A silhouetted shot of the Jamestown marshland rhymes with a shot of the concrete channel through which Rolfe’s ship departs England; the similarly framed, similarly contrast-y compositions suggest that the first shot is a rhyme, or a reflection, of the second shot—that perhaps the channel and the marsh are different visualizations of the same gateway. Images of the sea join with shots of rushing rivers and streams. The film ends with a low-angled shot of old trees reaching for the sky—an image conceived (!) in the same spirit as the amniotic image of Pocahontas swimming toward the sun, and subsequent shots of Pocahontas lifting her arms toward the sun and rain as if offering an embrace.
The woman at the start of the film and the woman at the end have the same name, and they are the same person. Yet they have little in common. The climactic scene that starts with the sound of wind unexpectedly—and reassuringly—plays as much as a beginning as an end.
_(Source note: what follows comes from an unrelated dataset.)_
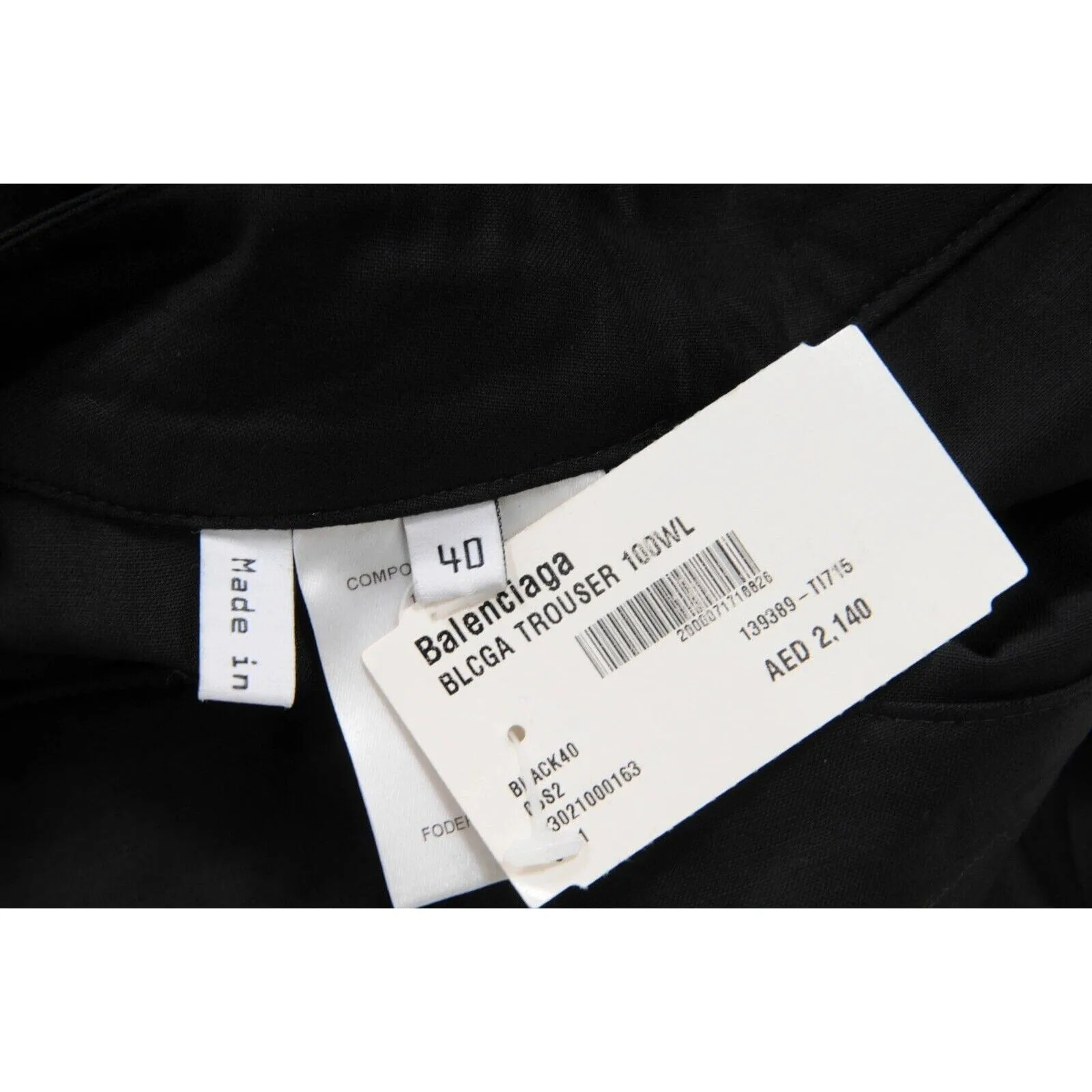 Black Wool Jeans Trousers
This retroactively makes the film’s official “opening” seem less a starting point than a marker in an unbroken loop. (Not Gravesend: grave’s end.)
The same recording of the same piece—the prelude to Richard Wagner’s Das Rheingold, “Thus, We Begin in the Greenish Twilight of the Rhine”—appears three times in The New World, in the beginning, the middle, and the end.
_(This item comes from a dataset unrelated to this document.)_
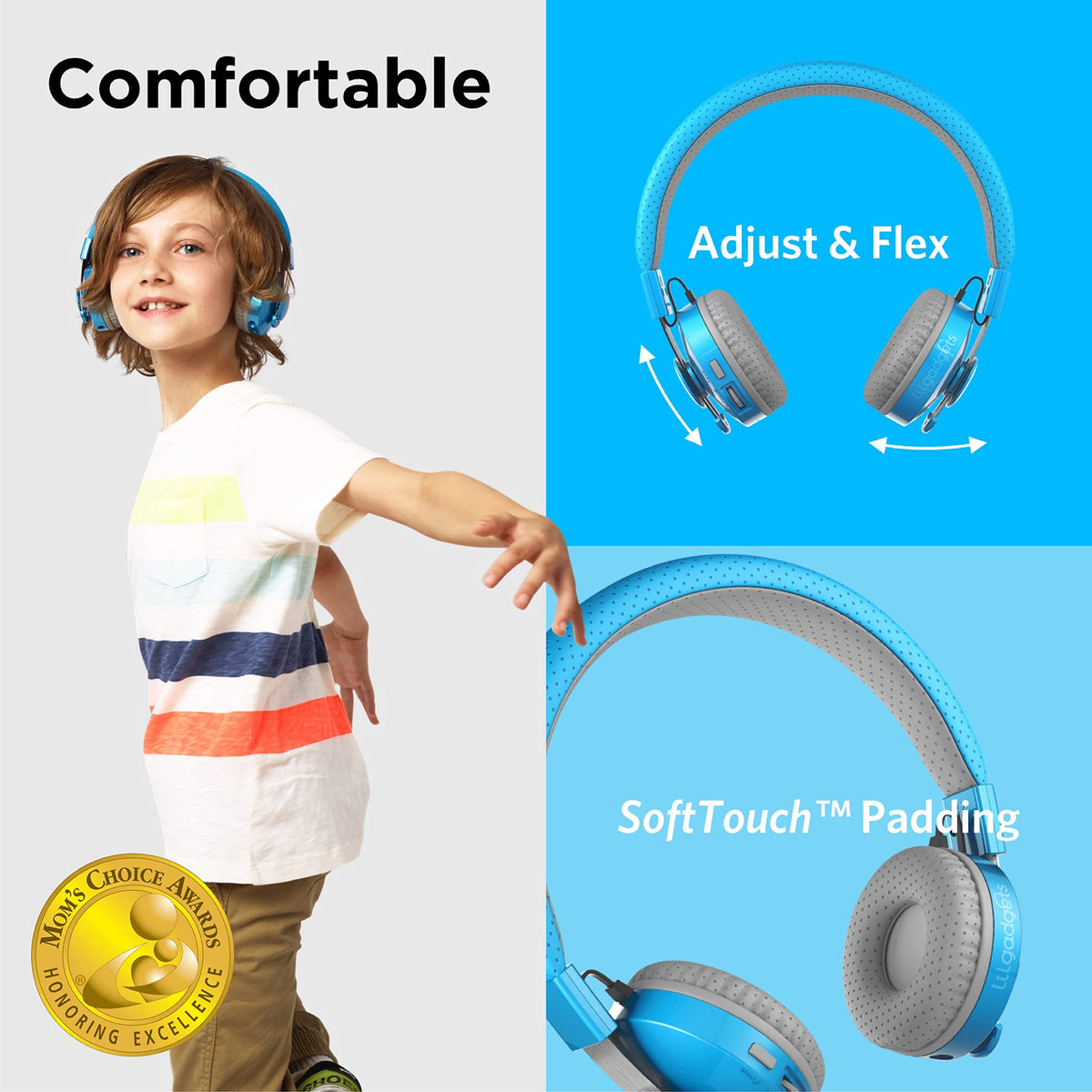 LilGadgets close-up of SoftTouch padding providing comfortable, gentle ear cushioning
The film’s only figurative character appears in this section: the black-painted warrior sitting opposite Pocahontas’ deathbed. No sooner have we met him than the figure bolts from the bedroom and runs into the garden. I’ve seen it written that this figure represents Pocahontas’ soul leaving her body. While this is entirely possible, I like to think that he’s death, that he’d been sitting there for years waiting on Pocahontas; then suddenly he realizes his moment had passed, that he’d missed his chance, and he runs into the garden trying to find her in the maze. Perhaps this reaper character is a mirror of the heroine’s son: death, life’s brother.
Taken together, Malick’s multiplicity of mirrored images and situations, repeated music tracks and sound effects suggest that the story of The New World isn’t meant to be interpreted as self-contained and linear—locked-off from the rest of time and space—but as a microcosm of a larger cycle, a lone rotation of a clock’s second hand. When spring and fall arrive, we open our windows. The sound of wind moving through hallways and rooms reminds us that one phase, one chapter, is ending, and another is beginning (or vice-versa); that we’re forever leaving one place, one space, and entering another.
We’re born to die. Our remains seep into the water and soil and feed the trees.